年の頃まだ十代前半ほどだろうか、幼さの残る声色に小柄な体躯
大きめの外套を羽織りフードを目深に被った、いわゆる旅装束の格好で、首に巻いた赤いスカーフが風に揺れて印象的であった。
そして、少年を囲むようにして佇む影、その数ざっと三十。
ギャア ギャア! グルャアアア!
「やかましい!でっかい蜥蜴の分際で〝この俺様〟に威嚇とはな」
そう、彼は魔物に囲まれていた
魔物の名はリザード、知性は低いが気性が荒く攻撃性が高い。鋭い爪で相手を切り裂き、硬い鱗で身を固めた爬虫類によく似た魔物
しかし、そんな大群に囲まれているにも関わらず、彼は恐怖するどころかなんとも不遜な態度であった
「たわけ共!群れを成せばどうにかなるとでも思ったか!身の程をしれぇ!」
少年の怒りに呼応するように、彼の躰から稲妻が迸り周囲の大気が吹き荒れる。
フードも捲れ、少年の顔が露わになった。黒髪でまだ幼さが残る顔立ちをしているが、その双眸――真紅の瞳には苛烈さと威厳を持ち合わせ、可愛らしさとは無縁の威圧感を産んでいた。
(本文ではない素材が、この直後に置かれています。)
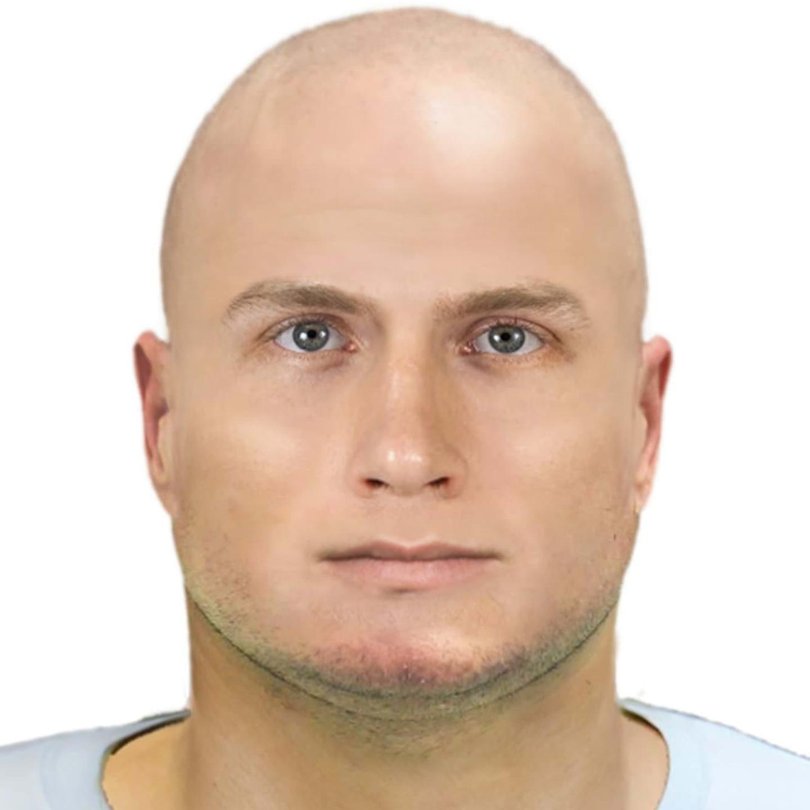 A man police believe can help with inquiries. Picture: Supplied / Victoria Police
圧倒されたリザードの群れは、一歩後ずさりしたーーが、次の瞬間
ぐうぅぅぅ
なんとも間抜けな音が響いた。
「……。」
「「……。」」
沈黙が落ちた。
猛烈に吹いていた嵐もどこゆく風そして、黒髪の少年はパタリと倒れた
「……おのれ、腹が減っていなければお前らなど」
どうやらさっきのは腹の音だったらしい。
事態を把握して無かったであろうリザード達は、獲物が無力化したのが分かったのか一斉に牙を剥いた。その時、
銀の風が凪いだ
一瞬にしてリザード達の腕が、首が、躰が血飛沫を散らして跳ね飛ばされていた。そして血飛沫を割って、剣を携えた少年が一人飛び込んできた。
「キミ!大丈夫?」
(……人間か?)
倒れていた黒髪の少年は顔を挙げて確認した。
年の頃、十代後半あたり、銀色の髪を後ろに束ね柔和な線の細い印象を受ける顔立ちをしていた。全体的に白を基調とした格好をしている
「リザード達には悪いけど、僕はこの少年に味方するよ」
そして、剣を構え直し宣言した。
「掛かってくるなら容赦はしないから」
最初のコメントを投稿しよう!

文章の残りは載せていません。